How To Prevent An Emotional Meltdown“F-E-A-R has two meanings: ‘Forget Everything and Run’ or ‘Face Everything And Rise’. The choice is yours. – Zig Ziglar

The alarm clock goes off. You roll over and slowly rise from your bed. Make your way to the kitchen. Grab a cup of coffee. Open your laptop. And read an accusatory email, perhaps from your boss, best friend, or significant other. Or open an unexpected and exorbitant bill. And you immediately launch into panic mode.

Heart pounding. Thoughts racing. Hands shaking. Stomach churning. Faintness. We’ve all been there. It’s amazing how powerfully the mind can affect the body, even if we’re not in actual physical danger.

When we feel threatened, we activate our sympathetic nervous system (SNS), which accelerates our heart rate, constricts blood vessels, and increases our blood pressure. Additional symptoms include increased metabolism, muscle contraction, adrenaline surges, reduced saliva production, increased blood clotting, and dilated pupil size, all of which would be helpful if we were faced with immediate peril, such as an oncoming car or vicious attack dog. We would have the energy to get the heck out of there, minimize bleeding from a potential traumatic injury, and see more clearly to note possible additional danger. In essence, we are ready to either fight or run.

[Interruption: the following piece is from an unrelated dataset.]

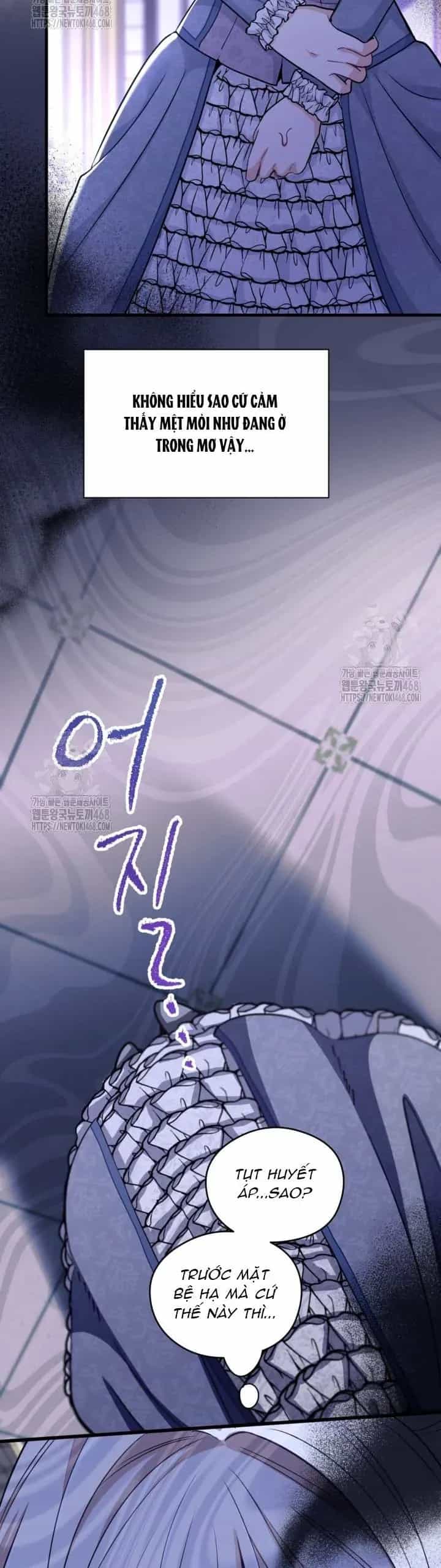 Bệ Hạ, Xin Hãy Quên Tôi Đi - Chương 40 - ảnh 9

However, when we’re dealing with day-to-day irritations or chronic stressors, such as poor health, financial concerns, or relationship difficulties, the SNS can stay activated for long periods of time, and this can compromise our health in numerous ways, such as:

  • Hypertension
  • Cardiovascular issues
  • Immune system suppression
  • Constipation
  • Digestive issues
  • Anxiety
  • Sweats
  • Cold sores
  • Chronically low energy levels
  • Respiratory problems
  • Decreased sexual function

Effective methods to manage your knee-jerk fight or flight reaction and restore your equilibrium include:

  1. Deep belly breathing. Pretend that you have a string tied around your waist. As you take slow deep breaths, focus on expanding your lower abdomen and also breaking that string. Deep belly breathing activates the parasympathetic nervous system (PNS), which promotes relaxation.
  2. Close your eyes. It’s been said that 80% of our stimuli comes through our eyes. Whether or not this is the exact percentage, closing your eyes can help to calm you and block out extraneous stimuli that might further antagonize or distract you.
  3. Count to ten. Mindfully thinking “one” as you exhale, “two” with your next exhale, and so forth, helps to focus your attention on just this moment and to let go off your anxious thoughts. Yes, such thoughts will probably come flitting back into your mind, at which point you can simply note them and then return to focusing on your breath. If you’d like to, you can certainly continue counting your breaths for five or ten minutes, or longer. Practicing mindfulness on a regular basis, whether or not you’re dealing with a stressful situation, can help train you to let go of unhelpful thoughts and regain your sense of emotional balance.
  4. Put things into perspective. Ask yourself, “How important will this be in five years?” Often the things that seem of utmost importance in the moment fade into the background in a few weeks, if not a few days.
  5. Share your feelings with someone. Our close friends and family can often help us see what we deem as dire situations in a different light. They may offer valuable advice or just lend a sympathetic ear. Especially when we’re upset, our social connections are vital to soothing our nerves.
  6. Remember that feelings are not facts. This is not contradictory to #5. Our feelings are valid, because we have them – but they do not always reflect reality. For instance, we can be terrified if a supervisor at work reprimands us, and we may interpret our terror as an indication that we are going to be fired. This is called emotional reasoning. Feel your feelings but do not let them be your only criterion for the truth.
  7. Take the next indicated step. Instead of getting into a whirlwind of “Oh, no, he hates me… she’ll never speak to me again… I’ll never be forgiven…”, once you’ve centered yourself with the above steps, ask yourself what is most needed right now. Maybe this involves getting further information about the presumed error at work. Perhaps an apology is in order. 
  8. Let go of what you can’t control. Maybe you’ll need to wait to get more information, such as when a colleague with the pertinent information is unavailable. In this case, the next indicated step may be to let go for the time-being and turn your attention to other matters. Remind yourself that ruminating about the issue will not do you any good and will deplete your mental, emotional, and physical resources. While it’s uncomfortable not to have resolved the situation yet, you can live with uncertainty – it won’t kill you. Agree to live through the tension.
  9. Treat everyone with acceptance and respect. Maybe you’ve made a mistake. Or perhaps someone has wronged you. Either way, accept that people (including you) are fallible, that nobody is perfect, and resolve to treat yourself and others with dignity and kindness.
  10. Focus on the goal. Spending time finding someone to blame just distracts from finding a solution. What is the goal, today, tomorrow, and going forward? A more harmonious relationship? Improved communication? Better organization of your home and administrative tasks? What you focus on grows. Keep your eyes on the solution rather than on fault-finding or self-condemnation, and you will move out of fight-or-flight mode into mindful pro-activity.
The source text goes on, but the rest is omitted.